Modern Bash has a very useful programmatic tab-completion feature. This feature is one of the main reasons that the terminal is still the most convenient interface to interact with a computer, IMHO.
"Programmatic" means that it's easy to add completion features for your own command-line tools. Yesterday I figured it will be a good exercise to add this for pss to complete the names of file types it can recognize; the list is growing longer with every release, and it would be nice to be able to quickly come up with the right type name without looking in the help all the time (is it --js or --javascript? etc).
So, simple completion is now live in the master branch of pss on Github. It consists of two parts. The first is this bash script (in the tools/ directory):
_pss_complete()
{
local cur_word prev_word type_list
# COMP_WORDS is an array of words in the current command line.
# COMP_CWORD is the index of the current word (the one the cursor is
# in). So COMP_WORDS[COMP_CWORD] is the current word; we also record
# the previous word here, although this specific script doesn't
# use it yet.
cur_word="${COMP_WORDS[COMP_CWORD]}"
prev_word="${COMP_WORDS[COMP_CWORD-1]}"
# Ask pss to generate a list of types it supports
type_list=`pss --show-type-list`
# Only perform completion if the current word starts with a dash ('-'),
# meaning that the user is trying to complete an option.
if [[ ${cur_word} == -* ]] ; then
# COMPREPLY is the array of possible completions, generated with
# the compgen builtin.
COMPREPLY=( $(compgen -W "${type_list}" -- ${cur_word}) )
else
COMPREPLY=()
fi
return 0
}
# Register _pss_complete to provide completion for the following commands
complete -F _pss_complete pss pssc
It's commented enough to be self-documenting, I hope. The most useful resource I found online that explains everything in detail is this page from Debian. For a bunch of sample completion scripts in the Debian repository, see this page. And, of course there's man bash.

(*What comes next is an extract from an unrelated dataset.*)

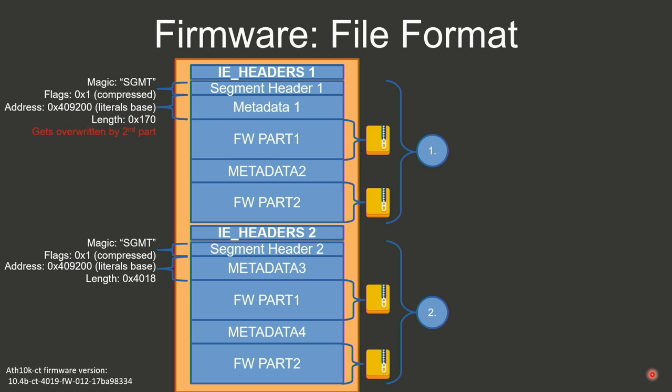The firmware file structure has two big parts, each identified with an IE header. After the header is a segment header identified by magic values, which tells you if it's compressed, at which address it should be loaded into the chip, and the decompressed size. The first and second parts have the same address, meaning the second overwrites the first. After the segment header there's metadata, then the real compressed data, followed by the next segment. My assumption is the first part is only needed for boot-up — it's much smaller — and is then overridden with the real firmware code.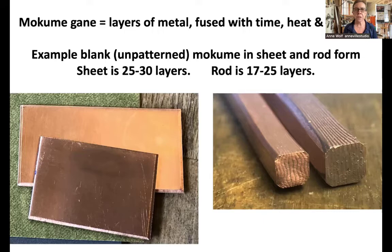We're going to be talking about patterning Mokume in either sheet or rod form. A lot of the sheet I use is between 25 and 30 layers, and a lot of the rod is between 17 and 25 layers. You can see the cross section of the rod — it's a quarter inch across, blown up so you can see the layers. The sheet on the left is about 1.6 millimeters thick. You can pattern much thicker or with fewer or many more layers for different effects.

You'll note that above I call pss --show-type-list to produce a list of whitespace-separated words which is then used by Bash's compgen command to generate completions. This is a new hidden option I added to pss just for this purpose. It's actually a common pattern in Bash completions: the tool itself knows best, so tools usually have special options the completion script can use to query things before it presents a list to the user.
Lastly, this needs to be integrated into your system. All we really have to do is source this bash script somewhere so it's part of your shell. There's already a place for such completion scripts on Ubuntu systems, in /etc/bash_completion.d; all files in that directory are sourced by the main bash completion script. I added a soft link to my script there, and things work great.